Learning Pieces

Docker

Test deployment service

During the development, I would like to have an easy way to start the Docker services I've created based on the most recent changes in the code. The solution I came up with involved creating a production and a test environment.

My first approach was to create a test pypi-server and a test environment for the journal-manager. The idea was that the journal-manager services would install the journal-manager packages from the test pypi-server.

Info

A neat thing that docker-compose does is to create a network among the services described in the docker-compose.yml file.

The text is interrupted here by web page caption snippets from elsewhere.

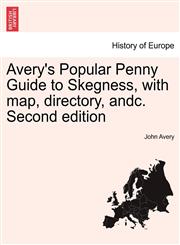 Avery's Popular Penny Guide to Skegness, with map, directory, andc. Second edition,1241452881,9781241452889
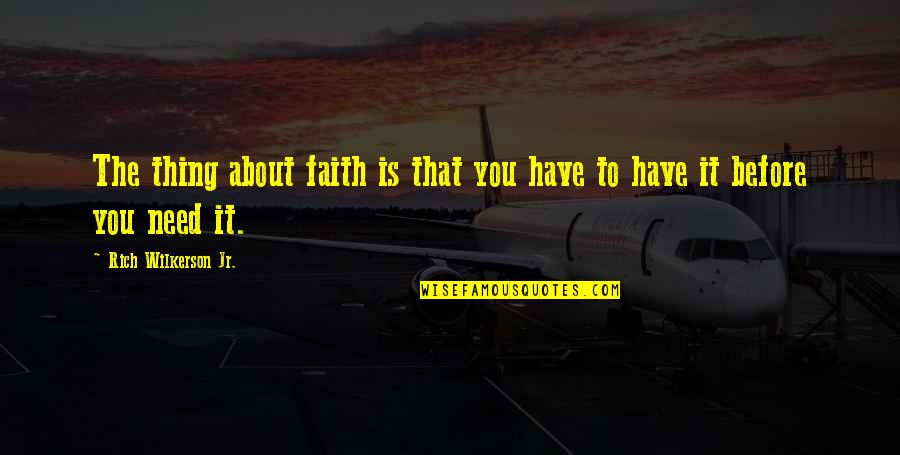 Wilkerson's Quotes By Rich Wilkerson Jr.: The thing about faith is that you have Wilkerson's Quotes By Rich Wilkerson Jr.: The thing about faith is that you have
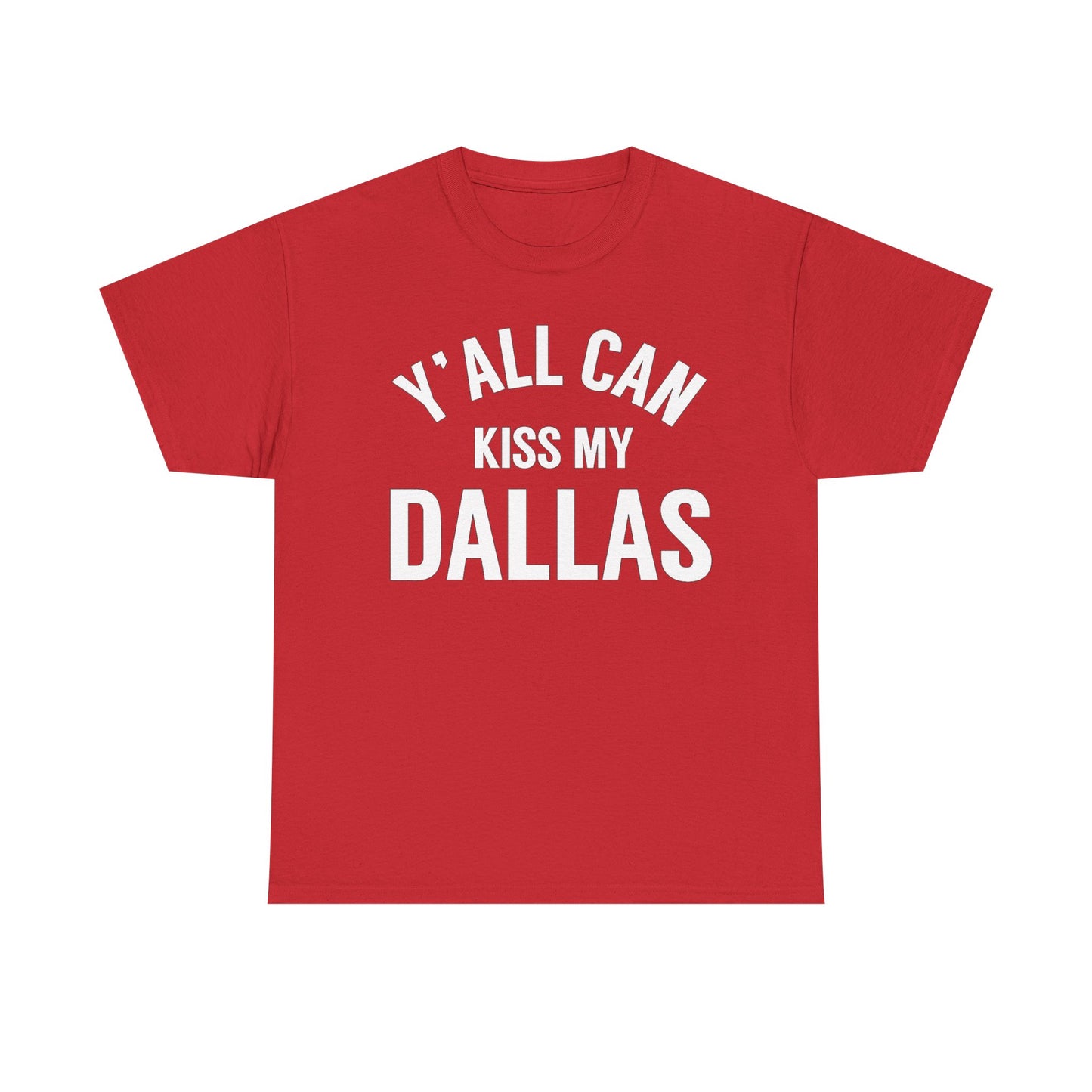 Y'all Can Kiss My Dallas T-Shirt — Funny Texas Pride Tee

I put both test pypi-server and the test journal-manager services in the same docker-compose file to take advantage of the network docker created for the services contained in the docker-compose file. That didn't work. I needed to call pip install indexing the test pypi-server from the image build, but the network between the services is only created after the build step.

Note

A solution would be to setup the test pypi-server in a different docker-compose file and have it started before building the image.

Upload the wheel and extract it during image build

I decided to take a simpler approach.

Build the journal package in my dev machine, producing a wheel.
Copy the wheel to a deploy-packages folder in the deployment server. This folder is part of the image context.
Install the journal-manager from the wheel available in the deploy-package during the build.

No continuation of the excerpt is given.